Victor Moore was a legendary Broadway actor, but he also appeared in many old Hollywood films, including Swing Time (1936) Make Way for Tomorrow (1937) and the Christmas classic, It Happened on 5th Avenue (1947).
Moore was born Feb. 24, 1876, in Hammonton, N.J. Moore was fascinated by the theater from childhood, often working as a stage hand for vaudeville acts that came through his hometown. Moore's family moved to Boston when he was a teenager and he got his first part there at age 16, appearing in a play called Babes in the Woods.
|A playbill for one of the silent comedies starring Victor Moore.|
|William Gaxton (left) Lois Moran and Victor Moore were the original cast in Of Thee I Sing.|
|Victor Moore plays a smart-dressing bum in It Happened on 5th Avenue (1947).|
Moore became a superstar in 1932 when he took on the role of bumbling Vice President Alexander Throttlebottom in George Gershwin's Pulitzer-Prize winning musical comedy Of Thee I Sing. Moore was so famous that he could halt proceedings in the real U.S. Capitol, even upstaging the bombastic Louisiana Senator Huey Long. According to the New York Times, Moore visited the Senate while Long was embarking on a filibuster. When word got around that Vice President Throttlebottom was in attendance, a crowd gathered around Moore and many senators left their seats to shake his hand.
Moore's Broadway stardom led to roles in Hollywood. He appeared in many films throughout the 1930s and 1940s mostly playing the lovable but befuddled comic sidekick. Moore's memorable roles included Swing Time with Fred Astaire and Ginger Rogers; This is the Army (1943) with Ronald Reagan and Joan Leslie; recreating a vaudeville sketch (above) in the all-star Ziegfeld Follies (1946) and as a homeless bum in the Christmas classic, It Happened on 5th Avenue.
Moore's most memorable Hollywood role was in Leo McCarey's masterpiece Make Way for Tomorrow. Moore and Beulah Bondi played a depression-era couple who cannot find work and lose their home in a foreclosure. They ask four of their children for help, but no one is willing to take both parents at the same time. The couple's life becomes increasingly miserable as they are shuffled between households.

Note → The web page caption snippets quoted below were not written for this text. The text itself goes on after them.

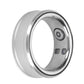 Fitness Tracker Ring with Bluetooth Video Screen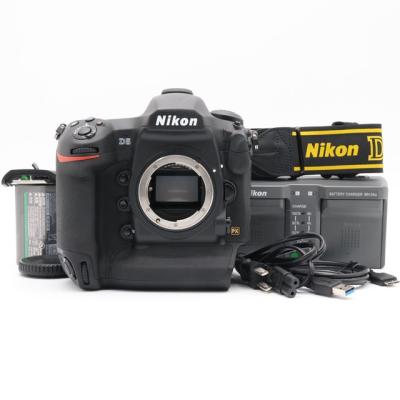 美品＞ニコン Nikon D5 ボディ (XQD-Type)｜プロ仕様フルサイズ一眼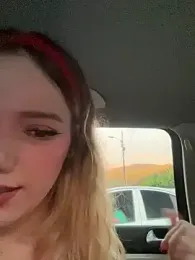 NicoleCut webcam model stream image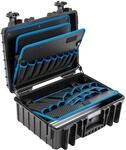 B&W Werkzeugkoffer JET 5000, 117.17/P (Lieferung erfolgt ohne Werkzeug), tool.case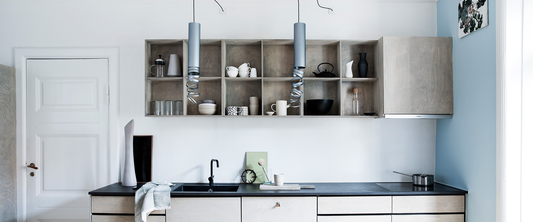 ARTEMIDE DECOMPOSÈ LIGHT SUSPENSION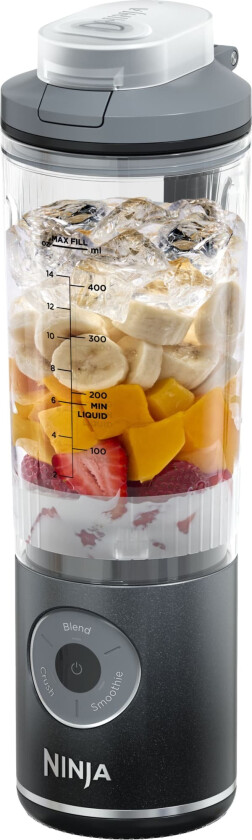 Blast Max blender BC251EUGY (sort)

Moore gives a very touching performance in this film as a gentle man who cannot cope with the harsh realities of Depression-era America.
|Beulah Bondi and Victor Moore perform a scene from Make Way for Tomorrow (1937) under the watchful eye of director Leo McCarey.|
|Victor Moore tries to get Marilyn Monroe's big toe out of the bathroom faucet in The Seven Year Itch (1955).|
Information for this article came from The New York Times archives.